- [The data]:
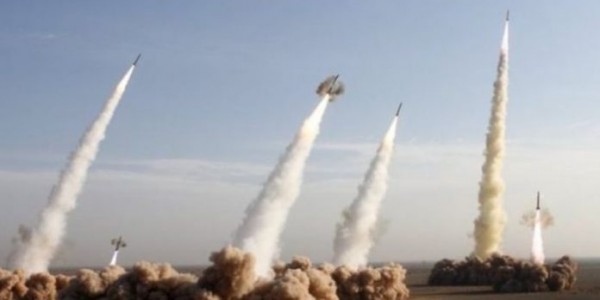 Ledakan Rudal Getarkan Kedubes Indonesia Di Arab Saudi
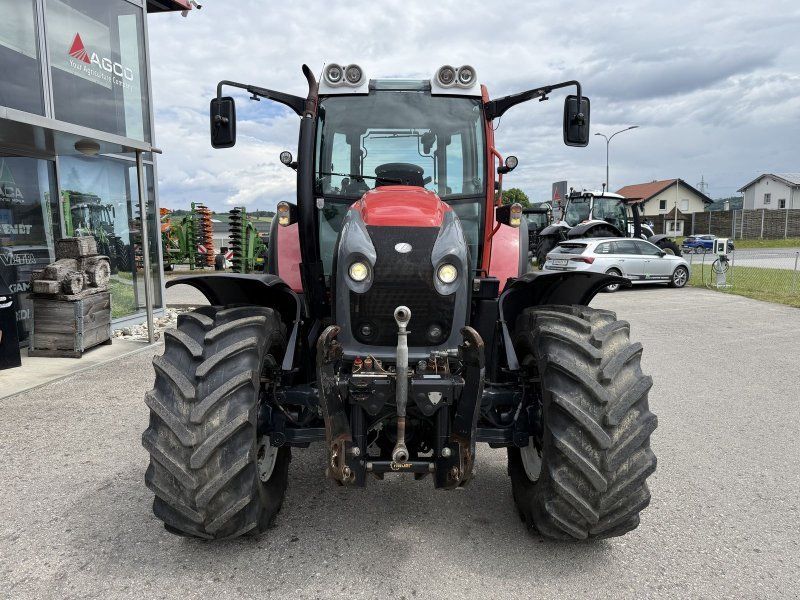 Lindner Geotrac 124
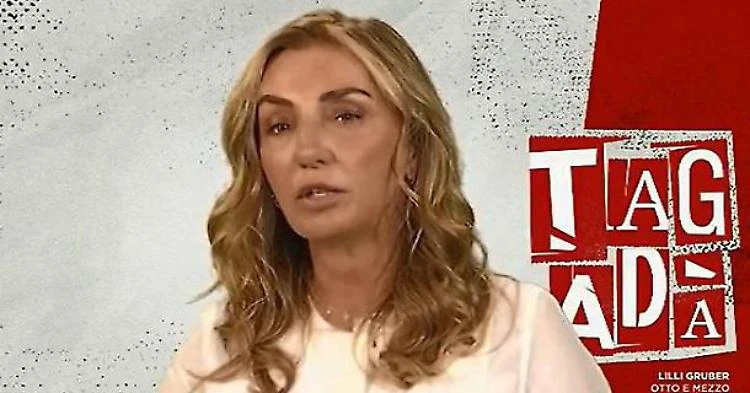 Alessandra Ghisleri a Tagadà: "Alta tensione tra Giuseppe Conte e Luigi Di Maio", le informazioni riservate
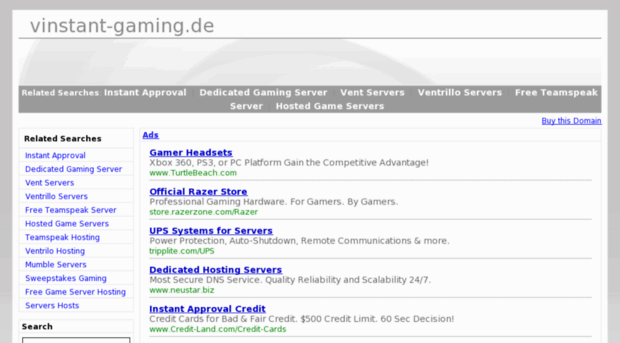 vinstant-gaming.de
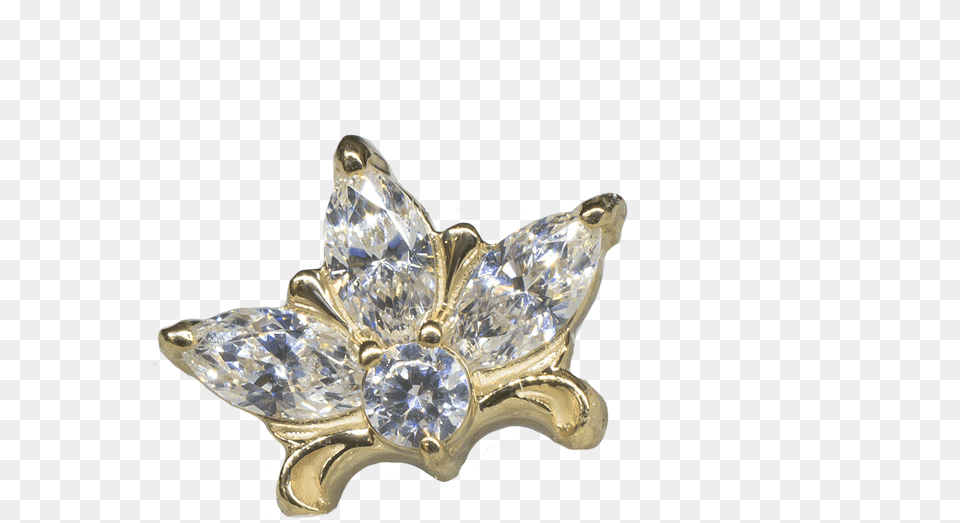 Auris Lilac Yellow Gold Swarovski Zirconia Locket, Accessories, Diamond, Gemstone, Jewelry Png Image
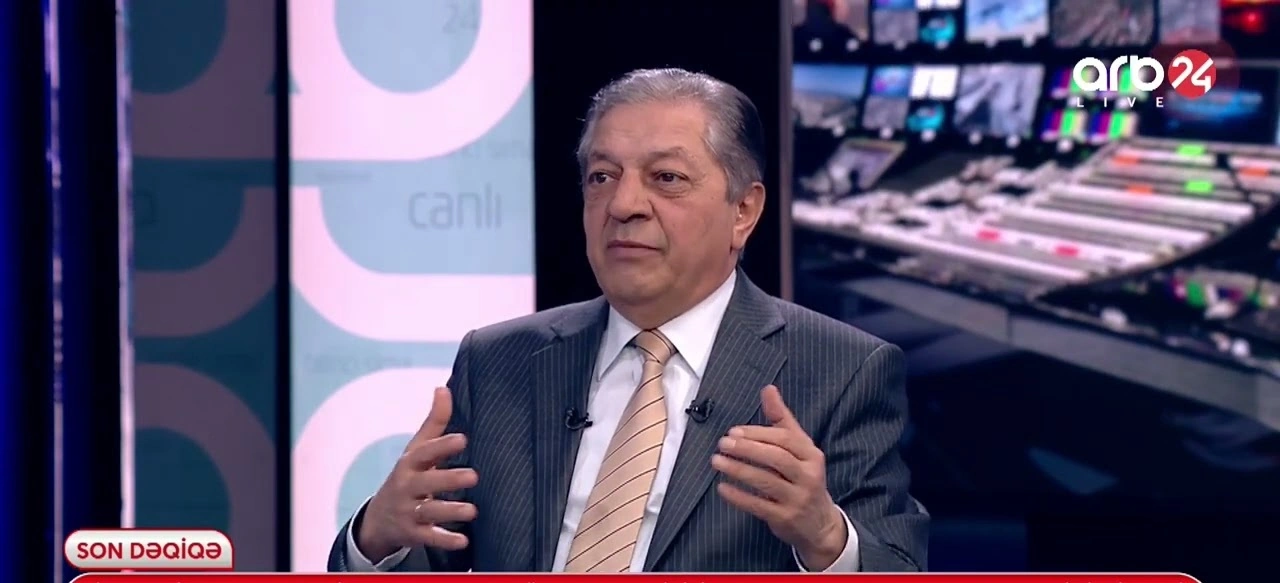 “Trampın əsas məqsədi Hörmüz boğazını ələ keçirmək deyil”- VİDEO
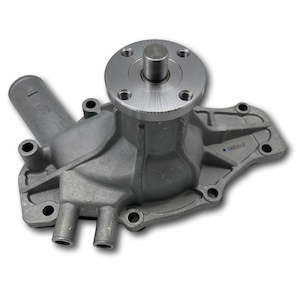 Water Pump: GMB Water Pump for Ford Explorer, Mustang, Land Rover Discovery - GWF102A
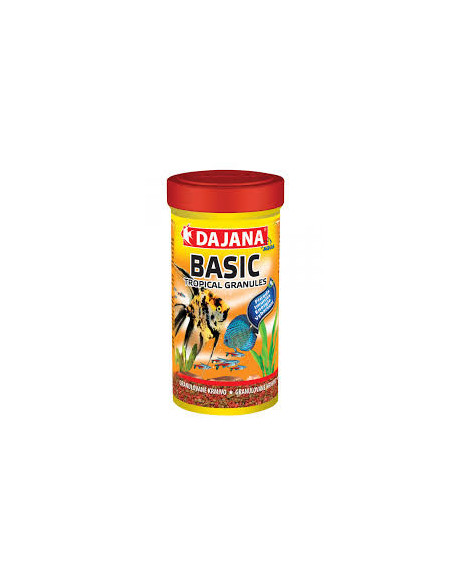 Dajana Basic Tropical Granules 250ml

- [Task to complete]:
You are asked to reproduce each line above exactly, but to exclude the pictures.

- [Expected answer]:
 Ledakan Rudal Getarkan Kedubes Indonesia Di Arab Saudi
 Lindner Geotrac 124
 Alessandra Ghisleri a Tagadà: "Alta tensione tra Giuseppe Conte e Luigi Di Maio", le informazioni riservate
 vinstant-gaming.de
 Auris Lilac Yellow Gold Swarovski Zirconia Locket, Accessories, Diamond, Gemstone, Jewelry Png Image
 “Trampın əsas məqsədi Hörmüz boğazını ələ keçirmək deyil”- VİDEO
 Water Pump: GMB Water Pump for Ford Explorer, Mustang, Land Rover Discovery - GWF102A
 Dajana Basic Tropical Granules 250ml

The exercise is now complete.